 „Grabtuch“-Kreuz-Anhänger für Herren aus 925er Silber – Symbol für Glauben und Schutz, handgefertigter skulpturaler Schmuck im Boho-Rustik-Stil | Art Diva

※

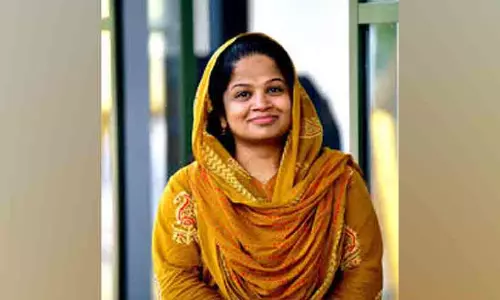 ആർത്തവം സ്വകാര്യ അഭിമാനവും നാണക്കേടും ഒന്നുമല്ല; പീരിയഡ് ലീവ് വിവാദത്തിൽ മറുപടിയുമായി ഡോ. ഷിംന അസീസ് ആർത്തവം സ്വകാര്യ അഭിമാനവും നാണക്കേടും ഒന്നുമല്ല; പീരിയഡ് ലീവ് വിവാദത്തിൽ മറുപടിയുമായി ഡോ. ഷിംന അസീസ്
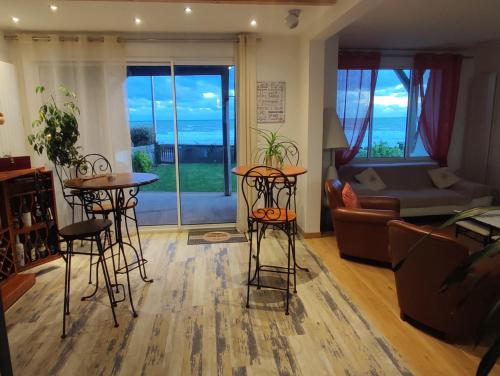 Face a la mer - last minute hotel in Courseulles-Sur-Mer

※

> [What to do] Please output, exactly as written, the lines above from the one holding "ഷിംന അസീസ് ആർത്തവം" through the one holding "Face a la mer", both included, with the pictures omitted.

> [Written response]
 ആർത്തവം സ്വകാര്യ അഭിമാനവും നാണക്കേടും ഒന്നുമല്ല; പീരിയഡ് ലീവ് വിവാദത്തിൽ മറുപടിയുമായി ഡോ. ഷിംന അസീസ് ആർത്തവം സ്വകാര്യ അഭിമാനവും നാണക്കേടും ഒന്നുമല്ല; പീരിയഡ് ലീവ് വിവാദത്തിൽ മറുപടിയുമായി ഡോ. ഷിംന അസീസ്
 Face a la mer - last minute hotel in Courseulles-Sur-Mer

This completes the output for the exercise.